_TO DO_
One part of the entries below is wanted: the lines from the one containing "马刺与尼克斯激战正酣NBA经典对决再度上演球迷热情高涨" through the one containing "Destiny Student - Cowgate Apartamento". Write those out exactly and nothing else.

_SUPPLIED MATERIAL_
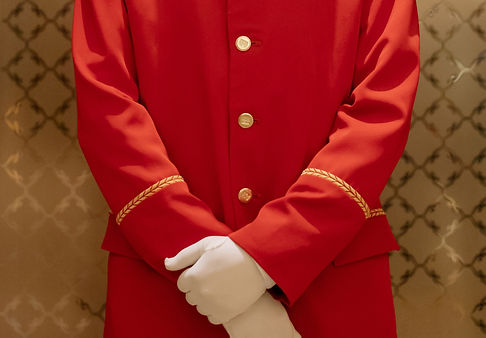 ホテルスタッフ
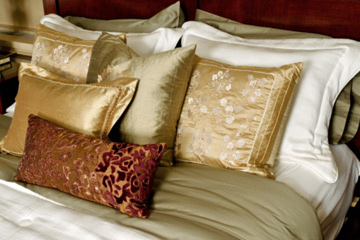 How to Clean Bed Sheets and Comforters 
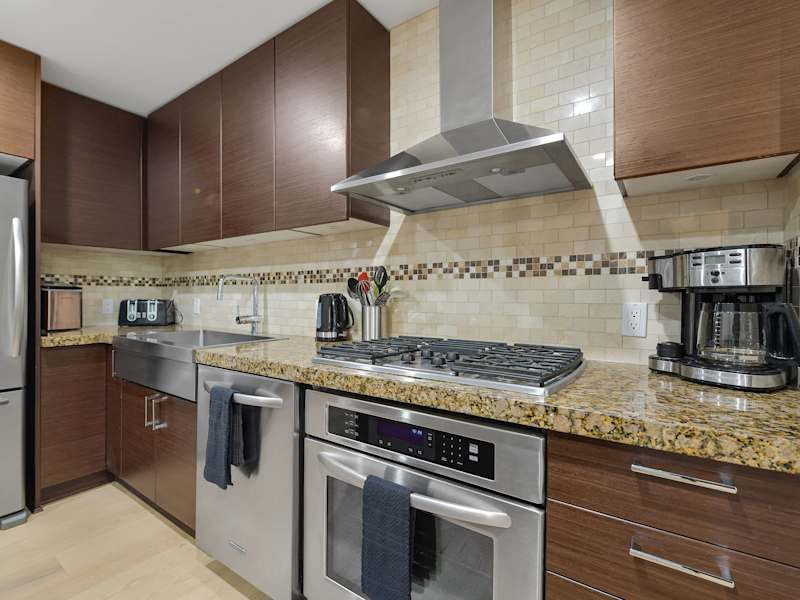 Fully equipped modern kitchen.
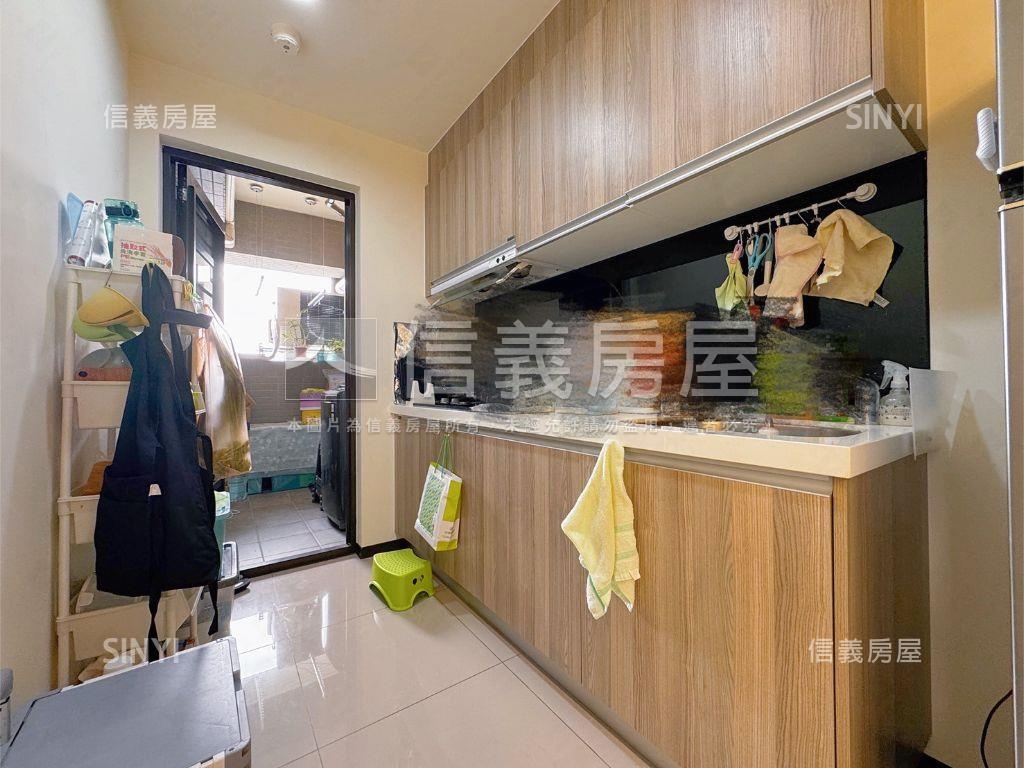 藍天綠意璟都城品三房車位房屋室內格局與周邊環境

--

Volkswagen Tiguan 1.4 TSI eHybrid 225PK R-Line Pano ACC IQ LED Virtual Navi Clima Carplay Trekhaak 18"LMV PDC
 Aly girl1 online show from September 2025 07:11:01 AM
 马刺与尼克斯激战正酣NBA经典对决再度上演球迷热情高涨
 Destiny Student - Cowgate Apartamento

_YOUR SOLUTION_
 马刺与尼克斯激战正酣NBA经典对决再度上演球迷热情高涨
 Destiny Student - Cowgate Apartamento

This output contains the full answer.